# Breaking in saddle?



## charliesarmy (3 January 2012)

Looking to next summer and my (will then be 3 year old) was thinking of saddling him, but just wondering what to use?  Try and get a cheap synthetic,a adjustable,or just keep buying as he changes shape (costly) what do you do?!?!


----------



## Blitzen (3 January 2012)

I think a decent adjustable gp saddle would be your best bet. I have an adjustable thorogood for my 3 year old, he long reins in it at the moment, and it will hopefully last him a while! It will need tweaking every few months, but much cheaper than buying a new saddle and having it fitted every time he changes shape. x


----------



## ex racer rider (3 January 2012)

Treeless, I broke my youngster in one and lots of other horses too. You dont have to change it at all and they generally have a secure seat for those sticky moments


----------



## maggiesmum (3 January 2012)

I agree with treeless, I have a big issue with people using cheap not professionally fitted saddle for a horses first experience of weight bearing. I cringe when I see adverts for old knackered saddles with the words perfect for breaking! Surely the idea is to make it pleasant for the horse to prevent future problems? I understand there is some correlation between poorly fitting saddles used in the breaking process and cold backs. 

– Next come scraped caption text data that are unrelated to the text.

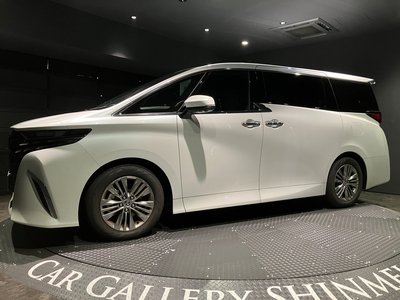 TOYOTA ALPHARD - 10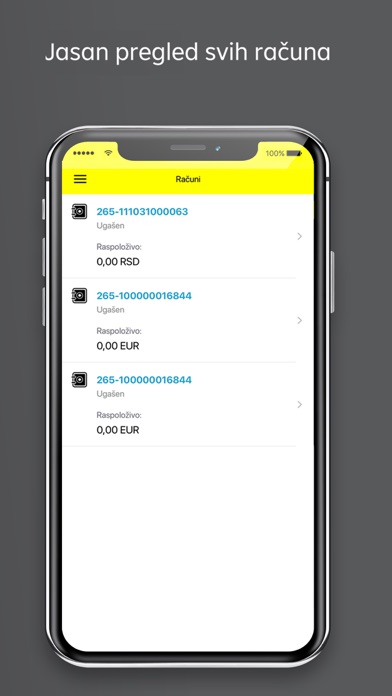 ROL Biznis Screenshot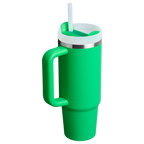 Splash-Resistant FlowState The Quencher H2.0 Flowstate Tumbler D030T - FlowState 3-Position Lid Insulated Travel Mug Detail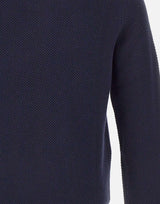 Maglia in cotone e lana K45126 07 SUN68 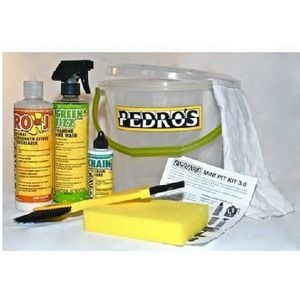 Mini pit kit 3.0 Pedros onderhoudspakket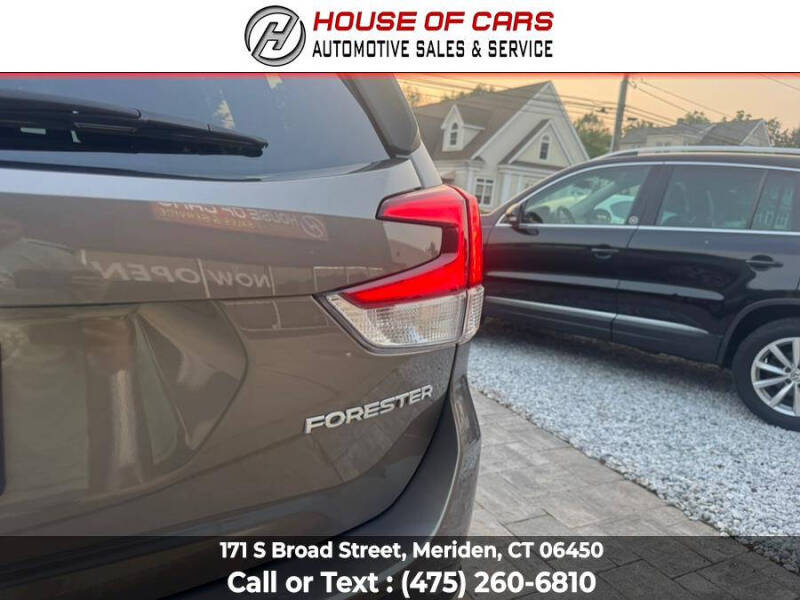 2020 Subaru Forester Premium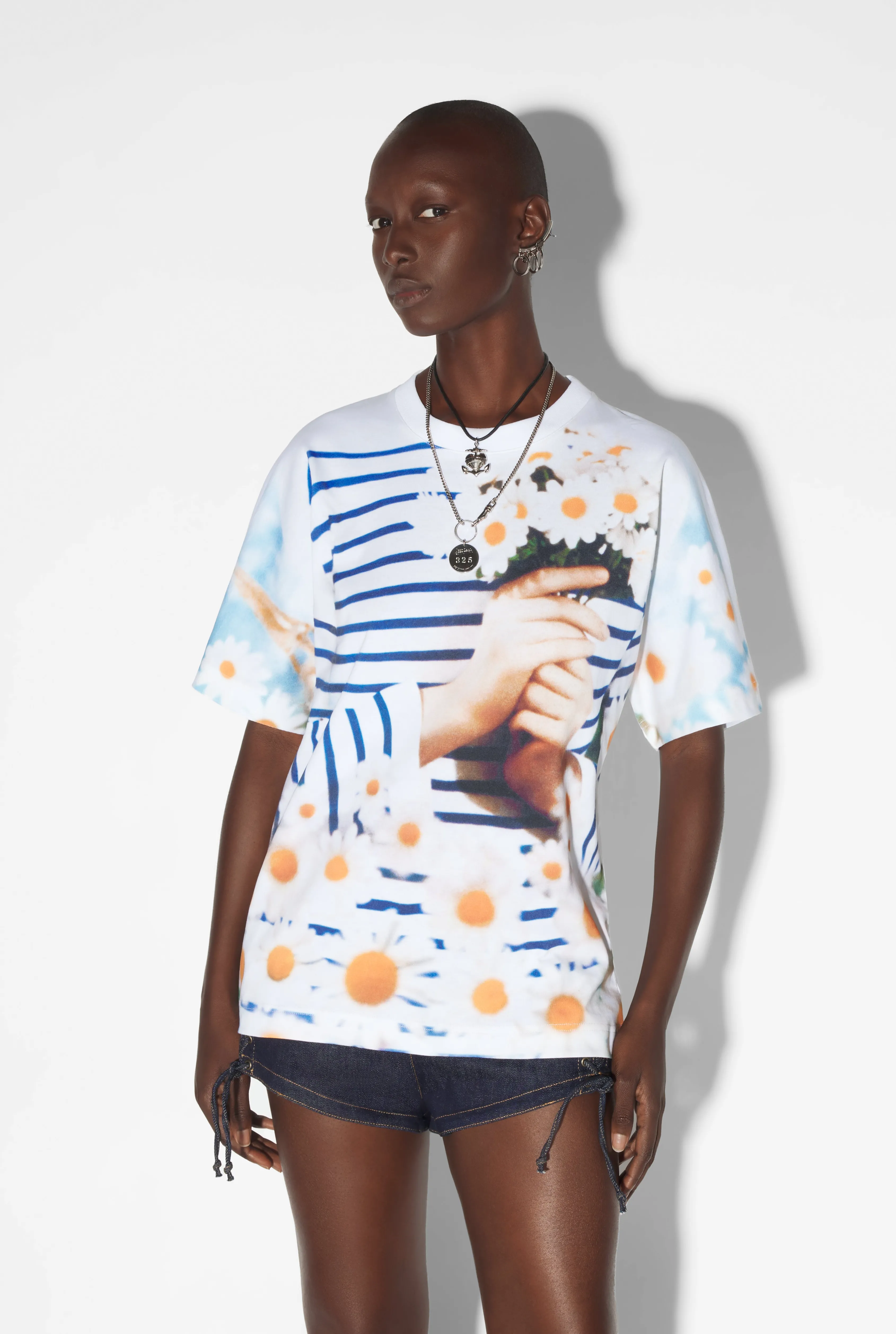 Jean Paul Le Tee-shirt Pierre & Gilles Multicolor Best Sale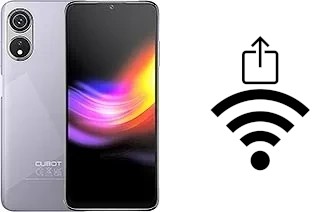 Como gerar um código QR com a senha Wifi em um Cubot P60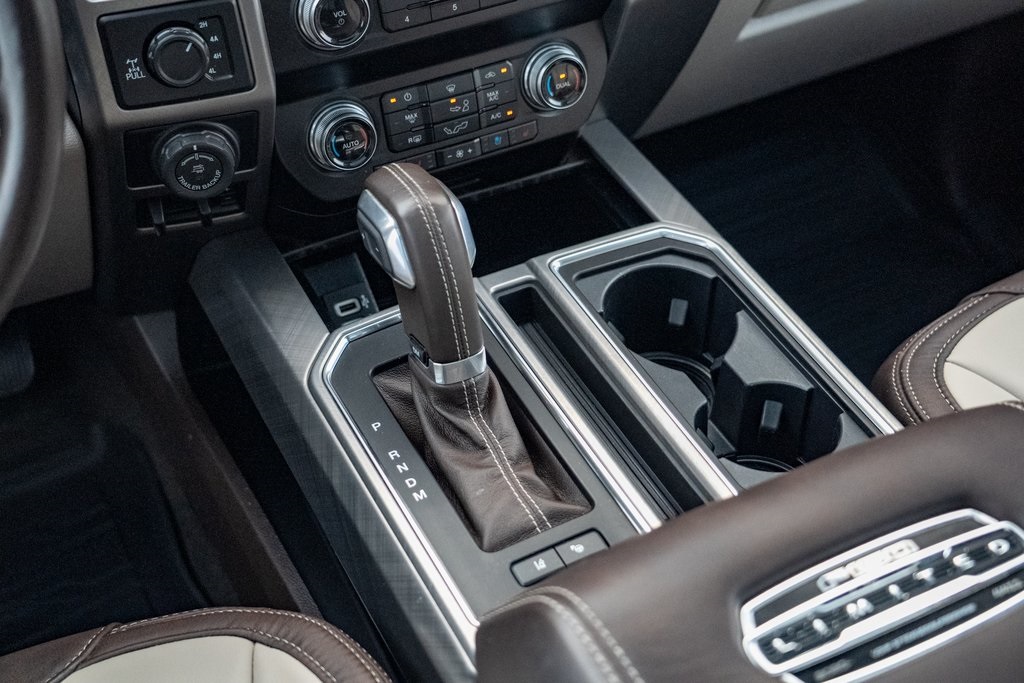 2020 Ford F-150 Limited photo 16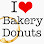 Bakery Donuts logo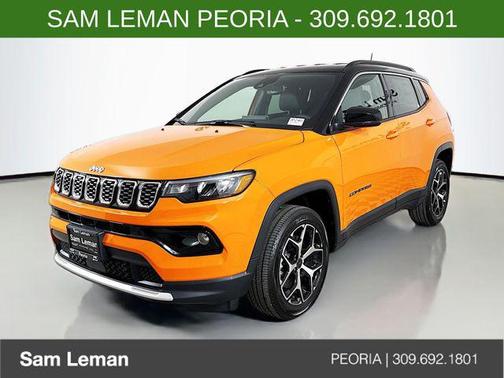 2026 Jeep Compass Limited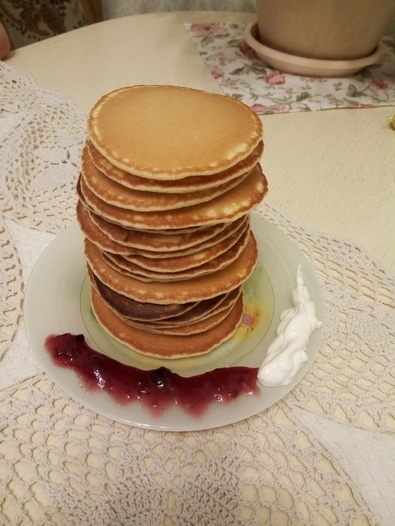 Фотография блюда пользователя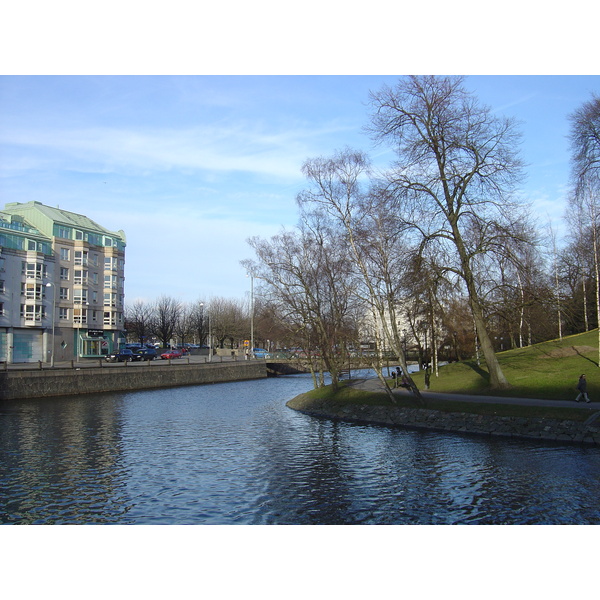 Photo Suède Göteborg 2005-04 8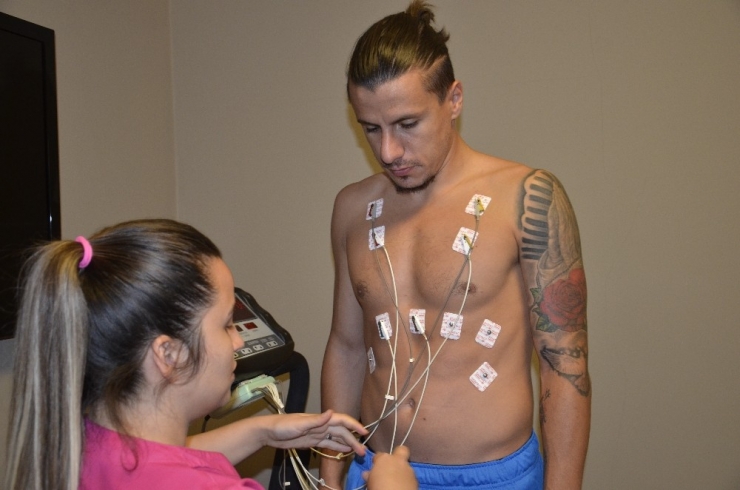 Denizlispor’da Sağlık Kontrolleri Başladı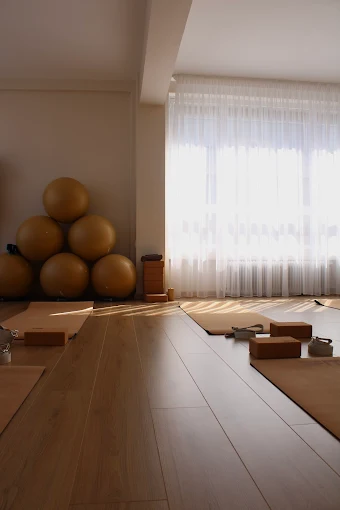 pilates room - ether yoga & pilates studio volos 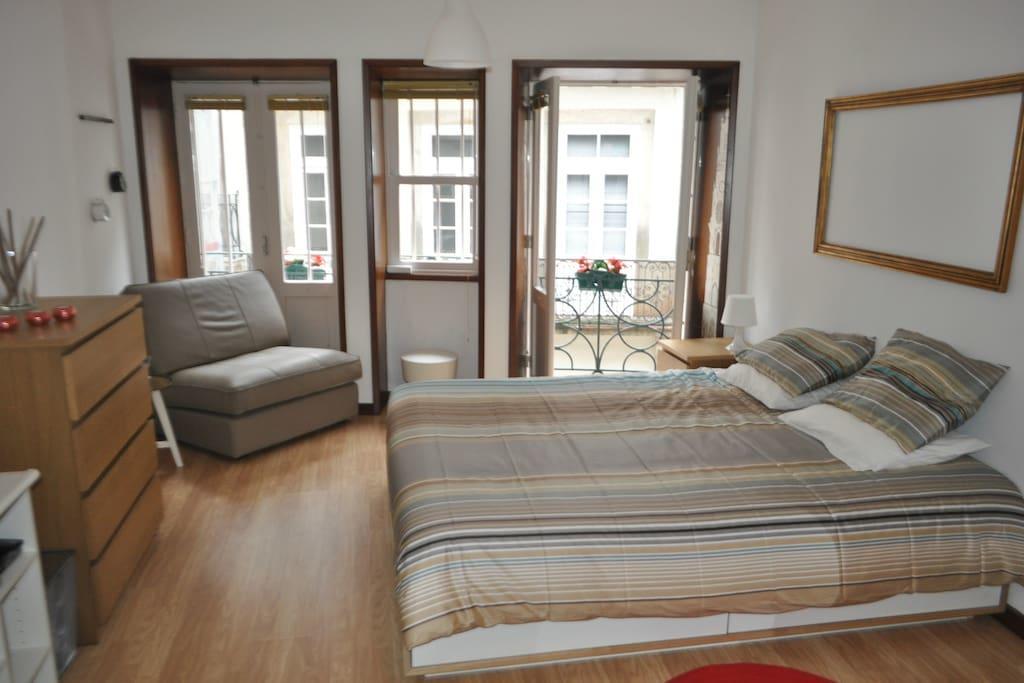 Ap Bonjardim Apartamento *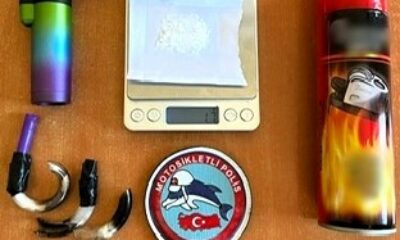Polis bir haftada 8 bine yakın kişinin ve 2002 aracın sorgulamasını yaptı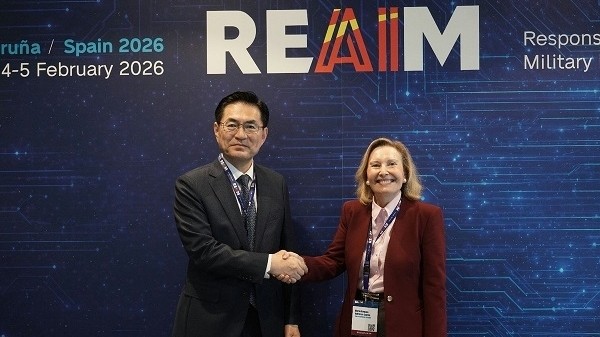 Hàn Quốc tăng cường hợp tác an ninh với Tây Ban Nha và Hà Lan trước thách thức mới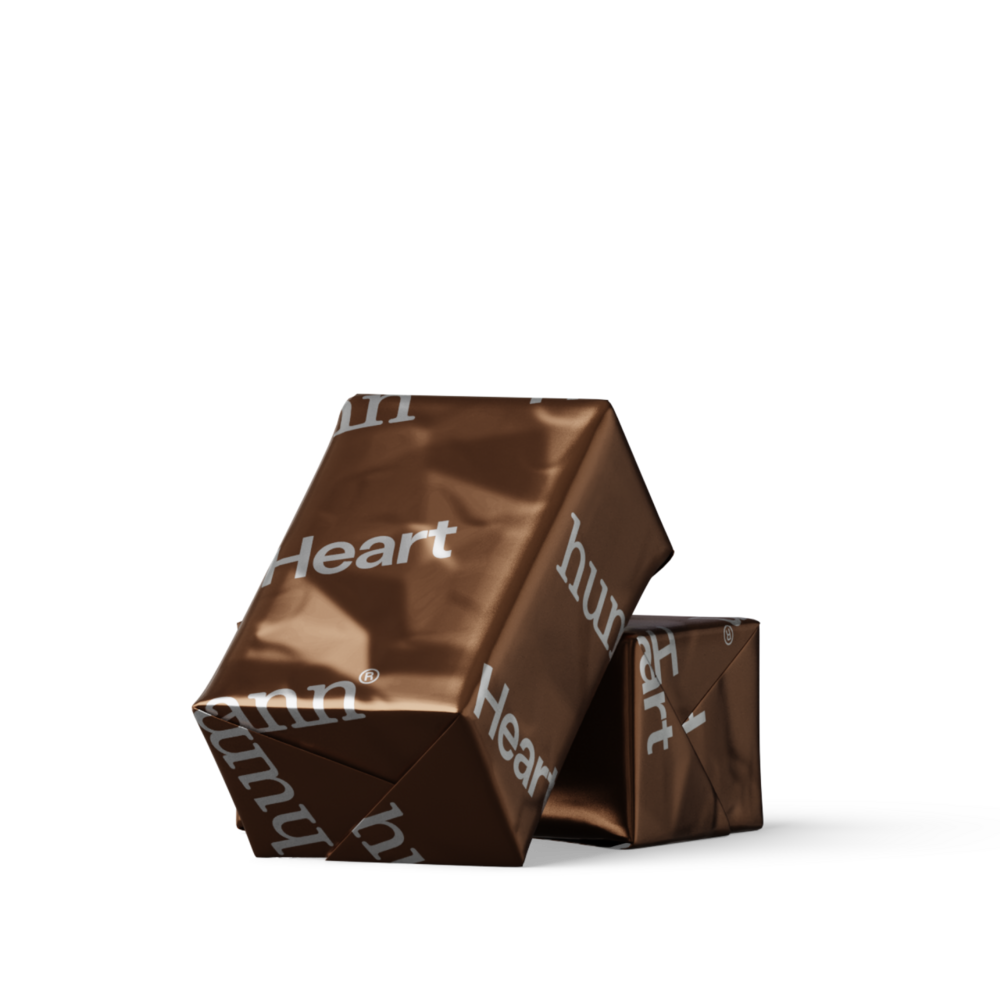 Product image for SuperBeets Heart Chews, Chocolate.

A decent treeless will probably do the job nicely and will hold its value should you wish to revert to a tree'd saddle at a later date.


----------



## Stacey6897 (3 January 2012)

I used an old Wintec for 2 horses, and a treeless that looks/rides like a normal saddle, was ideal for my boy who refused to stop growing


----------



## Ladydragon (3 January 2012)

Not sure what your budget is but when our TB arrived in really poor condition, the saddler was able to fit him with a second hand Maxam he had as a temporary saddle knowing he'd change shape quite drastically...

The saddle was £100 and the saddler has been able to tweak it substantially at fittings since...

IF he's happy with the fit it'll come for breaking another one at a later date and if it doesn't I'm not going to be gutted as it's been well used...


----------



## flying solo (3 January 2012)

I bought a new wintec and lunged with that on and before I started letting my pony have any weight on his back I got the saddler to check the gullet etc. He's now changed gullet but saddle still fits and it didn't cost me the earth.


----------